Traceable auditing & Alerting of automation

In ITOps, the type of tasks that are automated can be highly intrusive and privileged, especially remediation operations such as rebooting servers, disconnecting sessions etc. In environments involving cloud, automation such as expanding and provisioning additional resources to meet demands can also come with hefty billing costs.

Once batch tasks, programmatic operations and service accounts become involved, the security and cost implications of being able to do things at scale without human sanity checks become a significant concern.

Many remediation strategies are also more about treating and resolving the symptoms of more subtle underlying root cause issues. Restarting a JVM to clear memory leaks, rebooting a server, adding more CPU / RAM, deleting nearly full log disks all can hide a myriad of nasty things. Long-term, you don’t want these things going on unless you understand the root causes.

Beyond stringent user controls on who can perform actions on your systems monitoring platforms should provide you with traceable audits allowing you see both manual operator-instigated actions and programmatic operations run against your systems via any functionality in the tool.

Safety checks on automation

Most administrators now also monitor actions, service accounts, cloud billing accounts with alerting in place to notify them or anomalous activity or unintended side-effects of automation such as large cloud costs.

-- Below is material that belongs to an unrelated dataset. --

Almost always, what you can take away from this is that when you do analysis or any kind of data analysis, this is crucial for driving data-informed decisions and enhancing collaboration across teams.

It’s important to detect de-provisioning and report on de-provisioned systems.

Monitoring platforms face challenges operating in a world where things scale-down, when automation de-provisions or blows away infrastructure such as a virtual server, the monitoring in place must differentiate between system failures and deliberate reconfiguration of the environment.

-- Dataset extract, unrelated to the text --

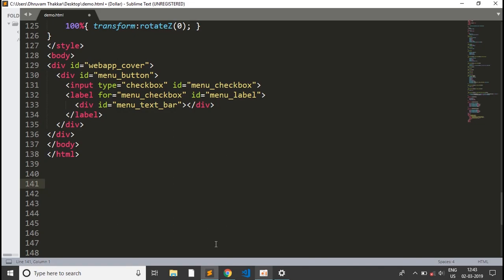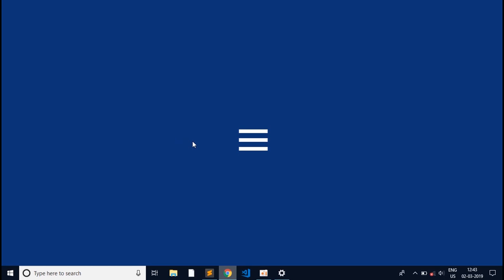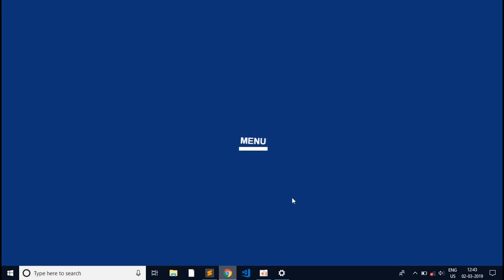Now we are ready to run, so if I refresh this page, here we get it. This is how we will make our hamburger menu — this is just the animation. You can also manipulate this animation and make your own. It is very simple and easy to do.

Reporting has become a lot more challenging as it now must cover data on the behaviour of systems that often no longer exist. In many scenarios without configuration tracking data, many traditional reporting, capacity and cost-estimation planning tools have become redundant.

Take-aways

Enterprise and commercial products mostly now have reasonable answers to the challenges automation and parallel trends such as cloud usage bring – if you ask the right questions – you can find technologies that suit automated workflows.

For those choosing to build in-house or plumb together OSS monitoring technologies automation is certainly making it harder.